Daniels is that rare thing, a writer completely in earnest whose wit never deserts him, even in extremis. Inventive, intimate, restless, streetwise, and erudite, The Correspondence introduces a brave and original observer of the inner life under pressure.
About the Author
J. D. Daniels is the recipient of a 2016 Whiting Writers’ Award and The Paris Review’s 2013 Terry Southern Prize. His “Letter from Majorca” was selected for The Best American Essays 2013. He lives in Cambridge, Massachusetts. The Correspondence is his debut book.
“[A] stunning debut . . . Delivered with the storytelling talents of John Jeremiah Sullivan and brimming with the folkloric, true-life tales of Breece D’J Pancake, these tales are funny; unrepentantly realist; and, in their way, awfully elegant . . . With careful wit, an attention to emotional nuance that reaches down to the gut, and an astounding ear for dialogue, Daniels writes with a kind of brutal authenticity that is not easily faked, whichever side of auto-fiction’s hyphen he’s writing from.” —Diego Báez, Booklist (starred review)

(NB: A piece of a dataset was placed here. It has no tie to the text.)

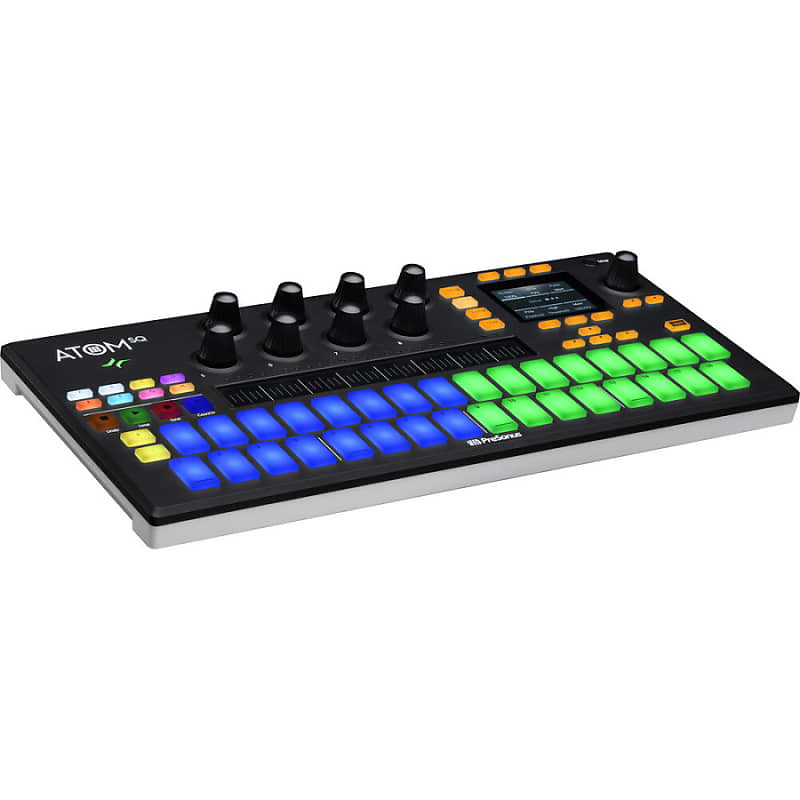 PreSonus ATOM SQ MIDIコントローラー 中古　訳あり✔ PreSonus Atom SQ MIDI Keyboard Controller 2020 | Reverb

“A fascinating correspondence . . . Throughout the book, Daniels masterfully hints at other stories just off the page, revealing much about himself but never too much . . . The letters here represent a bold and daring contribution to belles lettres; Daniels is an essayist to watch.” —Publishers Weekly
"An essayist who writes like a rattlesnake, his sentences coiled yet always ready to strike with venomous impact . . . [Daniels's] spare, elemental prose conjures old haunts, old hurts, and old friends who are dead or are in prison . . . extraordinary . . . An uncommonly auspicious debut.” —Kirkus Reviews (starred review)
"The Correspondence is one of the best things I’ve read in a long time, a whole new music that changes the score of masculinity, and a new kind of writing too, one that pushes form and sentence into radical, contemporary shapes. The word ‘honesty’ has become something of an irritant in contemporary literary culture: J. D. Daniels does something more moral than be simply honest. He invokes the grandeur and abasement of experience with a tactility of language that makes a psychological landscape of it, rather as the ancient Greeks did, and his notions of justice and truth are as richly textured as theirs. I have lent this slim, meaningful book to one person after another, and received the confirmation that it has changed their view of the world with its economy, its potency, its different fall of light."

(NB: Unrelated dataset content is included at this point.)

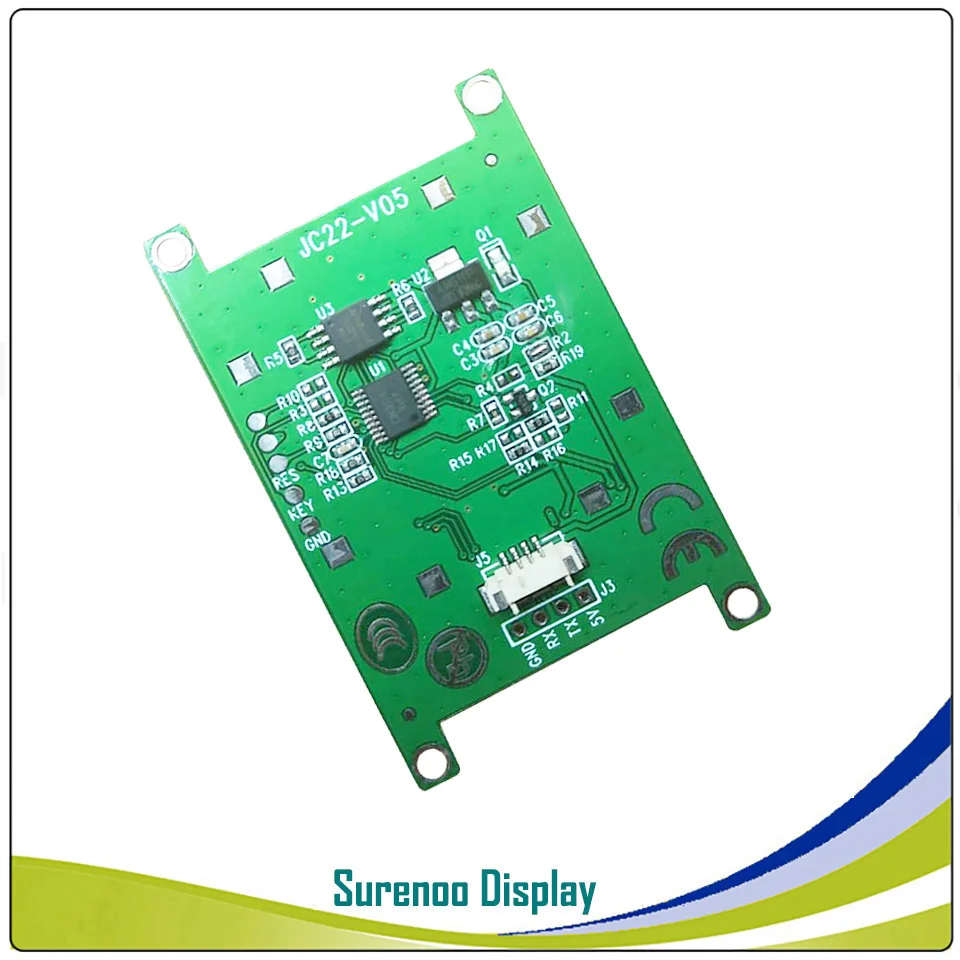 2," 176*220 HMI умный USART UART серийный TFT lcd модуль дисплей Панель для Arduino без сенсорной панели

—Rachel Cusk, author of TRANSIT
"Masculinity as vulnerable, smelly smackdown, personal failure as syntactic delight: In this volatile, brilliant collection, Daniels recollects in not-quite tranquility a series of synesthesiac rearrangements of the self. The riveting swerves of his sentences and of his geographic and spiritual wanderings will make you keep asking what “here” might be. These essays pay tribute to 'the world… our common property.'”

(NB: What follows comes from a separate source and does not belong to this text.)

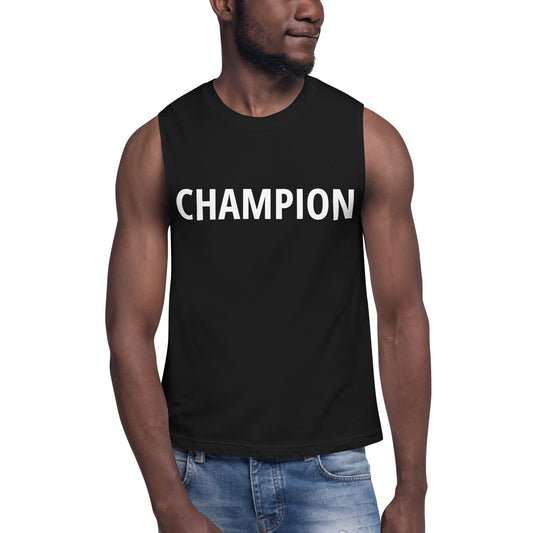 Carmelo Hayes CHAMPION Muscle Shirt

—Lisa Cohen, author of ALL WE KNOW
"The Correspondence gives off the unmistakeable crackle of an original writer who has found a new form. It's hard to say who or what is meant to be on the receiving end of these "letters," but if you care about modern life you need to read them."
—John Jeremiah Sullivan, author of PULPHEAD
"Daniels sees what others don't, feels what others won't, and writes what others can't. He is a blazing virtuoso of the English sentence, an oracle with a vulnerable and willing heart, and he has produced a shockingly perfect book."
—Sarah Manguso, author of ONGOINGNESS
"J. D. Daniels's The Correspondence is an epic in fragments: masterly, comic, wise, daring. It is a book for everyone, from Kentucky to Cambridge to Kathmandu, though as a reader you may feel that Daniels is trafficking in secrets, meant for you alone. It is occult. It is so strong, it will melt the books on the shelves around it. This is a book that will become a legend, introducing one of the very best writers in the country. If I could thrust it into every true reader's hands, I would."
—Mark Greif, author of THE AGE OF THE CRISIS OF MAN
“What a nutjob! Increasingly these three words constitute my highest praise for – almost my ideal of – a writer, and in this regard J. D. Daniels takes the biscuit. I love the way he throws out everything, both in the sense of throwing it all at us, and the opposite: discarding everything that might be deemed necessary to the seemly construction of narrative. So The Correspondence gives us the best of both worlds.”
—Geoff Dyer, author of WHITE SANDS
“Questions that occurred to me as I read this brilliant, baffling book: What the hell is this? Who the hell is this? Is this poetry? How can that sentence be so good? Can I steal that later? In 130 pages, Daniels shows you just about everything great prose can do. Books like this are why I read.”
—Tom Bissell, author of APOSTLE
"Through the speed and shocking cuts of his prose, Daniels shows us what it is to be a writer now. Each of these six letters is a modern expression of Baudelaire's tortured prayer: 'O Lord God grant me the grace to produce a few good verses, which shall prove to myself that I am not the lowest of men, that I am not inferior to those whom I despise.'"
—Michael Clune, author of GAMELIFE
"J.D. Daniels is a scourge to an America drunk on fraudulent images of masculinity and to a literary scene enamored of dainty exhibitionism. A writer so rigorously on guard against complacency that he's likely to take any compliment paid him like a slap in the face."